#### Work instructions:
The required output is the exact run of lines in the listing below from the line holding "Mozartstraat 53, Haaksbergen" through the line holding "شیلنگ ورودی بنزین", with no pictures.

#### Input data:
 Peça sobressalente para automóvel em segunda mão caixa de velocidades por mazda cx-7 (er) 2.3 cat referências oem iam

--

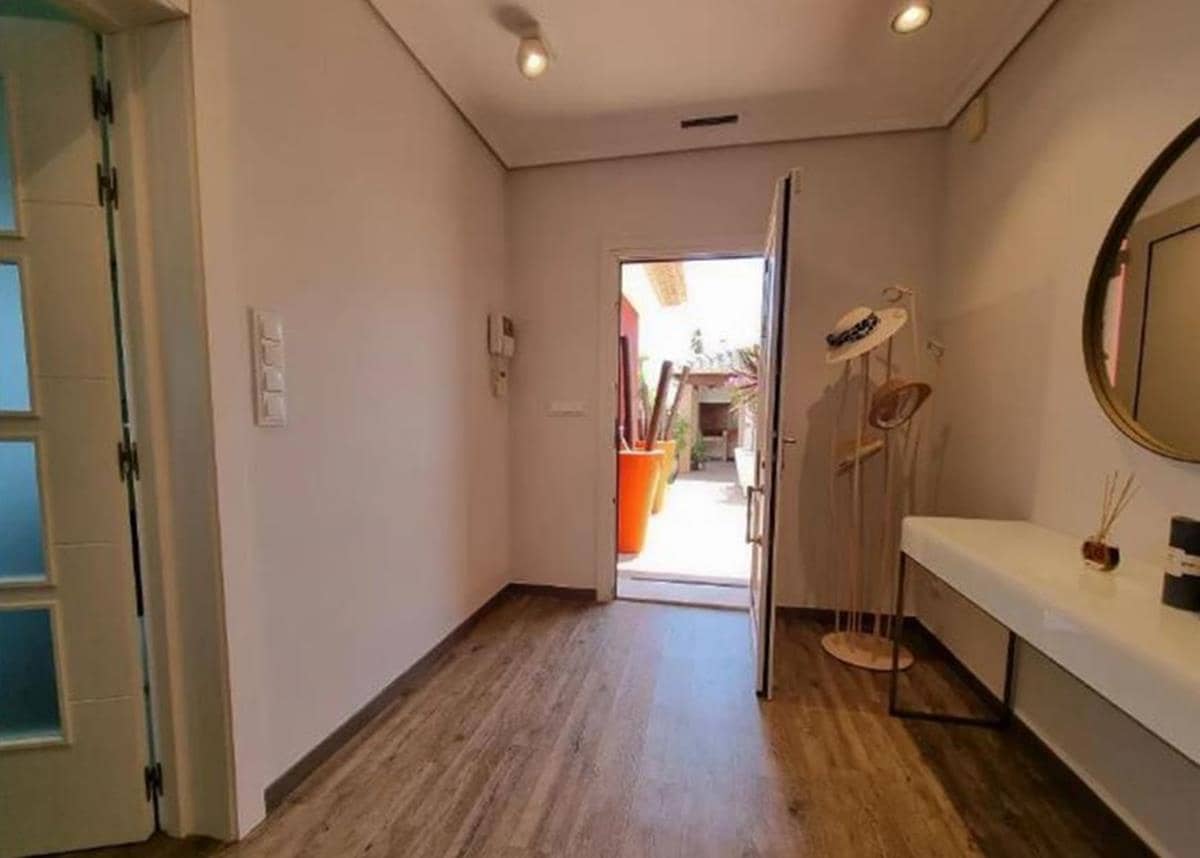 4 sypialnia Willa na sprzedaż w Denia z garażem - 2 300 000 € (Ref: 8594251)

---

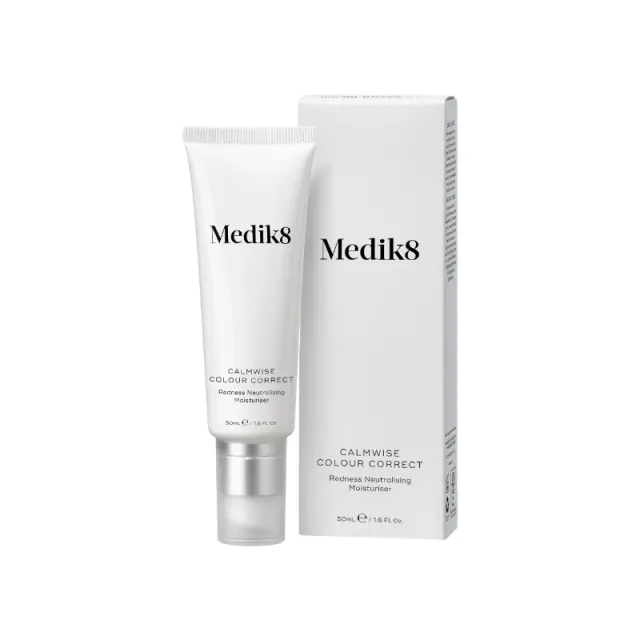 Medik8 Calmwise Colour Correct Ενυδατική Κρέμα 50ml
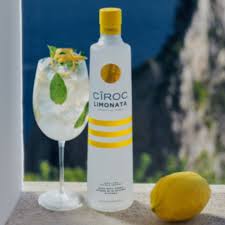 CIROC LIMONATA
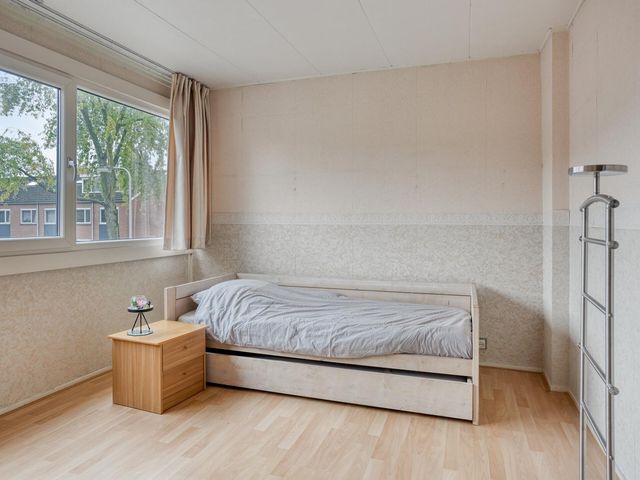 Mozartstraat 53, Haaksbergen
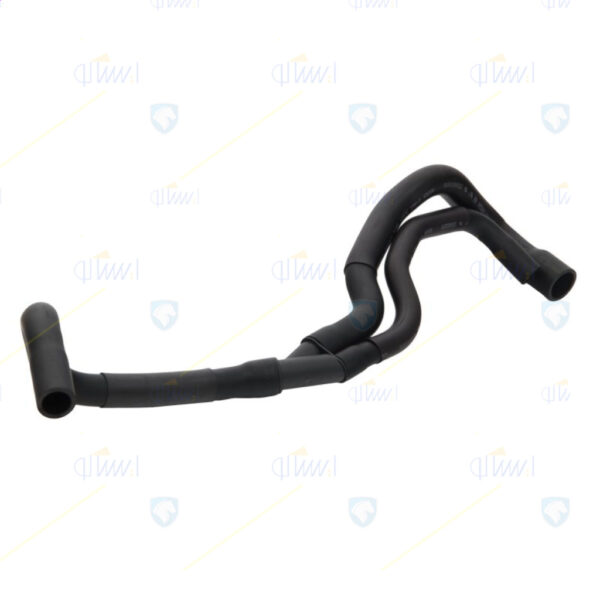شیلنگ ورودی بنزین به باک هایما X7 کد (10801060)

#### Exercise answer:
 Mozartstraat 53, Haaksbergen
شیلنگ ورودی بنزین به باک هایما X7 کد (10801060)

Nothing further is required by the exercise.